▶ _INSTRUCTIONS TO FOLLOW_
Verbatim copy without images: return all of the data as it stands.

***** RECORDS SHOWN *****

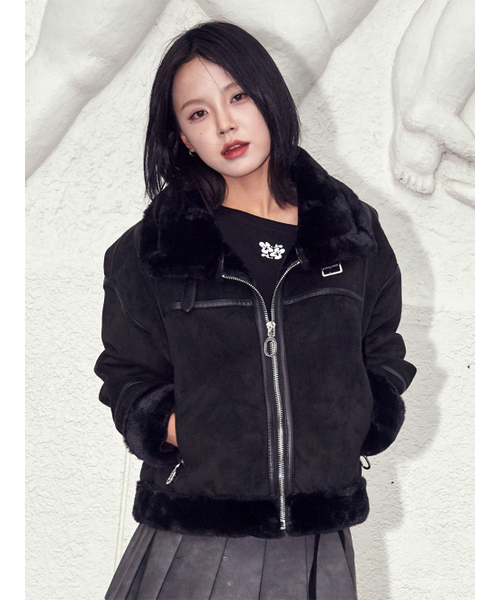 セール】フェイクファー ハイネック ムートンジャケット [ミンク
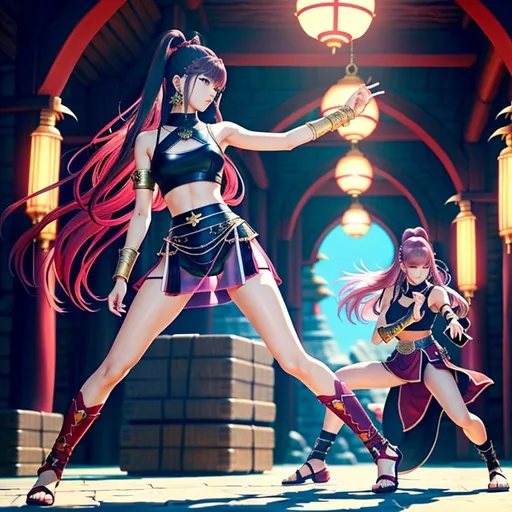 Prompt: photo fullbody see through clothes of (Lisa lalisa blackpink)As(final fantasy's monk fighter)(kick to sandbags poses) (colourful clothes  transparent 50%)( fluffy dark red long hair styles) (spread leg in dungeon)(highlights color hair)(high quality,illustration, smooth skin, cute , very beautiful ,high details, realistic, sharp focus , b34-w26-h36, ,small chest,artstation , double eyelid brown eyes , full body,cute posed , elegant , hair details , eyes details ,face details , background details , smooth soft skin, big dreamy eyes, beautiful intricate colored hair, symmetrical, anime wide eyes, soft lighting, detailed face, by makoto shinkai, stanley artgerm lau, wlop, rossdraws, concept art, digital painting, looking into camera 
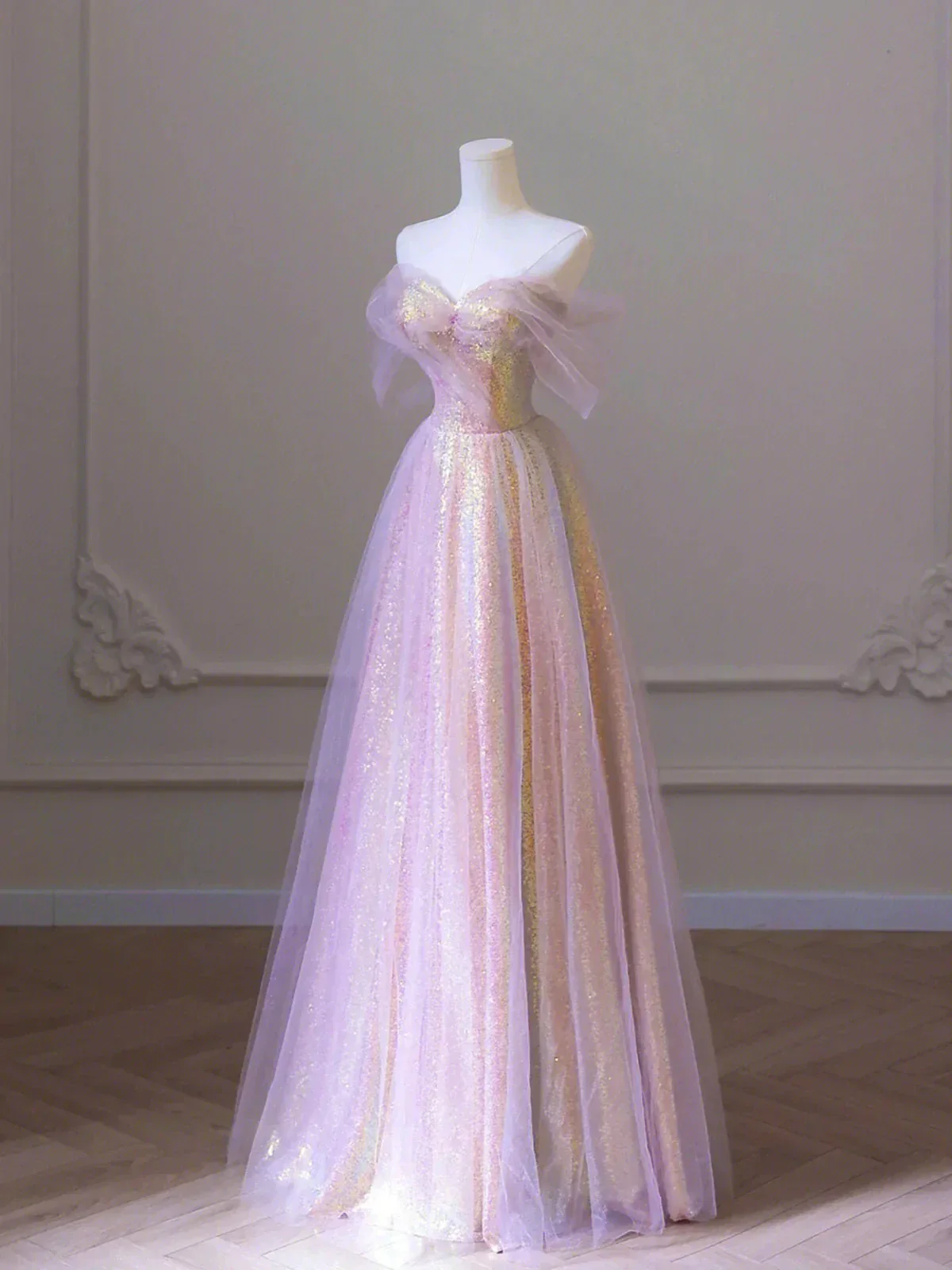 Shiny Tulle Sequins Long Prom Dress, A-Line Off the Shoulder Evening Dress Y1416 - Image 3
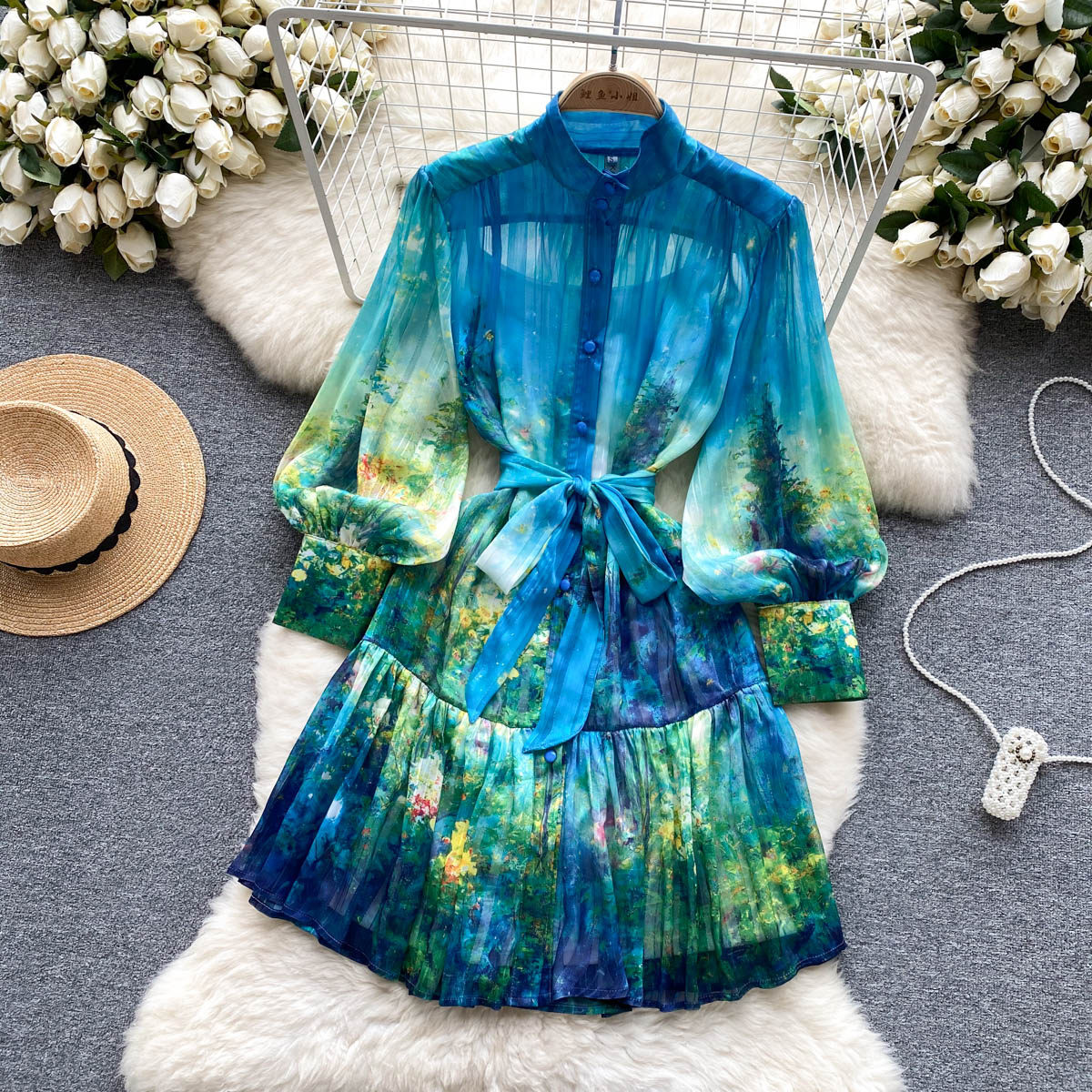 Casual Dresses Runway Blue Floral Mini Dresses Women Charming Flower Print Chiffon Holiday Stand Collar Long Lantern Sleeve Dress 234f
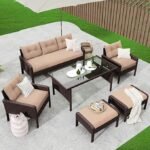 "6 pcs HDPE Wicker Patio Furniture Conversational Set – Weather-Resistant Outdoor Sofa with Cushions & Table"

*****

▶ _THE COMPLETED TASK_
 セール】フェイクファー ハイネック ムートンジャケット [ミンク
 Prompt: photo fullbody see through clothes of (Lisa lalisa blackpink)As(final fantasy's monk fighter)(kick to sandbags poses) (colourful clothes  transparent 50%)( fluffy dark red long hair styles) (spread leg in dungeon)(highlights color hair)(high quality,illustration, smooth skin, cute , very beautiful ,high details, realistic, sharp focus , b34-w26-h36, ,small chest,artstation , double eyelid brown eyes , full body,cute posed , elegant , hair details , eyes details ,face details , background details , smooth soft skin, big dreamy eyes, beautiful intricate colored hair, symmetrical, anime wide eyes, soft lighting, detailed face, by makoto shinkai, stanley artgerm lau, wlop, rossdraws, concept art, digital painting, looking into camera 
 Shiny Tulle Sequins Long Prom Dress, A-Line Off the Shoulder Evening Dress Y1416 - Image 3
 Casual Dresses Runway Blue Floral Mini Dresses Women Charming Flower Print Chiffon Holiday Stand Collar Long Lantern Sleeve Dress 234f
 "6 pcs HDPE Wicker Patio Furniture Conversational Set – Weather-Resistant Outdoor Sofa with Cushions & Table"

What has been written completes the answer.